Many labourers have more talent and drive than I think it’s reasonable to expect any human to have in order for them to survive and live in peace and comfort, certainly more than Murdoch, but instead we see the world around us, where more than a billion people are in desperate poverty and hunger, and I find it hard to believe it’s because all of them didn’t have the talent and drive necessary to rise to the top. I think factors assigned largely at birth, like their country of origin, race, gender status, and probably most importantly the amount of wealth or ability to control they will directly inherit determine where they sit between the top and the bottom.
In Australia and Denmark, “class mobility” is amongst the highest in the world, at just under 20% of the population rising a decile in income over their lifetimes (this is while income inequality is increasing).
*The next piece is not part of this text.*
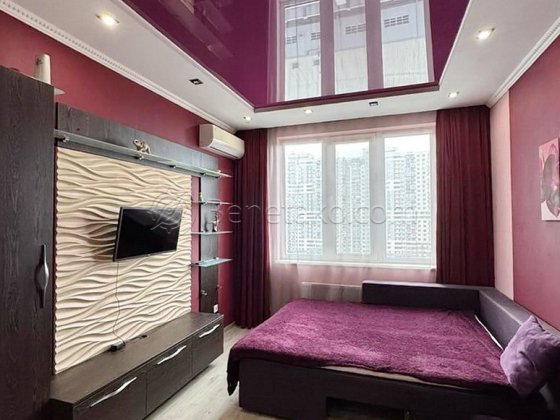 Однокомнатная квартира на Таирово, Ж/К «Альтаир-1». Одесса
That means that, statistically at the time of your birth, you have a 1 in 5 chance of having your income raised to the decile above that of your family (moving beyond that decile gets exponentially harder with each decile). Another way of looking at that statistic is that 80% of people will remain at their level of wealth or poverty, or drop, over their lifetime. As long as income and wealth inequality is increasing, it’s numerically impossible for these statistics to combine and mean that anyone has much of a chance at all of rising to a position where they can control large numbers of people and amounts of production, including speech (like Murdoch). If we accept that people are fundamentally equal to within a small margin of error, then this situation is either arbitrary at best and unjust at worst, if we consider human suffering to be a negative, but either way I think it disproves the idea that talent and drive are all that’s required to rise to the level of Rupert Murdoch.
WikiLeaks achieved what it did by engaging in illegal organisational activities that fundamentally challenged the current structure of society. It’s why their leader is currently wanted on espionage charges, likely to face the death penalty if he’s ever captured by the US, and why the financial institutions that manage this system try their hardest to obstruct anyone materially supporting them. It’s an inspiring example of what can be achieved by a handful of smart and courageous people if they’re willing to break the law and resist the status quo, but as inspiring as it is it hasn’t achieved the end of the unjust status quo and the implementation of a just status quo or at least an earnest attempt at creating one. It didn’t even achieve any material change in the US military, except for a crackdown on operational security.
I’m a critic, not a driver (I don’t even have a licence). If we lived in some radically different societal structure I’d be critiquing that instead, with the aim of living in a better world. I have ideas about policies that seem like they’d work, like democratisation of feasible decision-making areas (which could also be called redistribution of those decision-making areas, but I think it’s important to specify how they’d be redistributed) and mass education and organisation campaigns, but unfortunately most of the methods of achieving those aims that have worked well historically are illegal, and I’m unwilling to break the law. The legal methods to achieve them (like voting or having conversations like this, assuming I’m not tried for sedition) haven’t worked at any point historically, but I see no reason to stop trying. Nothing else to do really, I suppose. Do you have any suggestions?